Step -3 : Now set your Mapbox Access Token (get here) and Plotly API Key (get here).

Loading the relevant libraries :

library(jsonlite)
library(plotly)
x <- fromJSON("LocationHistory.json")

Passing tokens to use Plotly and Mapbox.

Sys.setenv('MAPBOX_TOKEN' = <YOUR MAPBOX TOKEN>)
Sys.setenv("plotly_username"=<USER NAME FOR PLOTLY >)
Sys.setenv("plotly_api_key"=<API KEY FOR PLOTLY>)

If you’ve no experience in API’s don’t worry !! In simple words , above codes let R , Plotly & Mapbox talk to each other.

The date and time column is in the POSIX milliseconds format, so I converted it to human readable POSIX.

Similarly, longitude and latitude are saved in E7 format and were converted to GPS coordinates.

# extracting the locations dataframe
loc = x$locations

# converting time column from posix milliseconds into a readable time scale
loc$time = as.POSIXct(as.numeric(x$locations$timestampMs)/1000, origin = "1970-01-01")

# converting longitude and latitude from E7 to GPS coordinates
loc$lat = loc$latitudeE7 / 1e7
loc$lon = loc$longitudeE7 / 1e7

Let’s see, since when google is watching you :smile:

min(loc$time)
[1] "2013-02-27 08:46:49 CST"

So , google is watching me since Feb, 2013.

max(loc$time)
[1] "2017-05-06 23:14:06 CDT"

Great, so it has my recent data too..

And how are the datapoints distributed over days, months and years?

Let’s calculate the number of data points per day, month and year

library(lubridate)
library(zoo)

loc$date <- as.Date(loc$time)
loc$year <- year(loc$date)
loc$month_year <- as.yearmon(loc$date)

points_p_day <- data.frame(table(loc$date), group = "day")
points_p_month <- data.frame(table(loc$month_year), group = "month")
points_p_year <- data.frame(table(loc$year), group = "year")

How many days were recorded?

nrow(points_p_day)
[1] 249

How many month were recorded?

nrow(points_p_month)
[1] 13

How many year were recorded?

nrow(points_p_year)
[1] 4

Let’s make some fancy graph through plotly

points <- rbind(points_p_day[, -1], points_p_month[, -1], points_p_year[, -1])
#  loading library
library(ggplot2) # for plotting
library(ggmap)  # for google maps
library(htmlwidgets) # helps saving  the HTML output ot the disk


p<- ggplot(points, aes(x = group, y = Freq)) +
geom_point(position = position_jitter(width = 0.1), alpha = 0.1) + 
geom_boxplot(aes(color = group), size = 0.5, outlier.colour = NA) +
facet_grid(group ~ ., scales = "free") +
labs( title = "How many data points did Google collect about me?")+
theme(legend.position="none")

    

q<-ggplotly(p)
q

## Let's save the  plot as HTML
saveWidget(q, file="ch1.html")

Click on the above image to seet he clickable and drillable chart.

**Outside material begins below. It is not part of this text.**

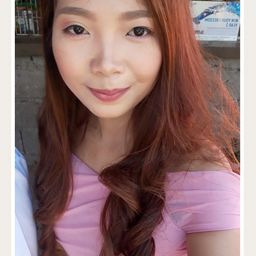 ligaya avatar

If you explore the chart , you can see that , Google colllected nearly ~430 points on me per day.

Location history

loc_map_1 <- loc %>%
  plot_mapbox(lat = ~lat, lon = ~lon,
              split= ~year, size=2,
              mode = 'scattermapbox') %>%
  layout(title = 'Himanshu\'s location history',
         font = list(color='white'),
         plot_bgcolor = '#191A1A', paper_bgcolor = '#191A1A',
         mapbox = list(style = 'streets'),
         legend = list(orientation = 'h',
                       font = list(size = 8)),
         margin = list(l = 25, r = 25,
                       b = 25, t = 25,
                       pad = 2))
                       

loc_map_1
## Let's save the  plot as HTML
saveWidget(loc_map_1, file="ch2.html")

Click on the above image to see the zoomable world map. If you explore the chart , you can see that recently I have spent most of my time in Chicago, US and New Delhi,India.

Google also tracks the velocity of my movement.

Let’s first see, what velocity I have been moving over the places .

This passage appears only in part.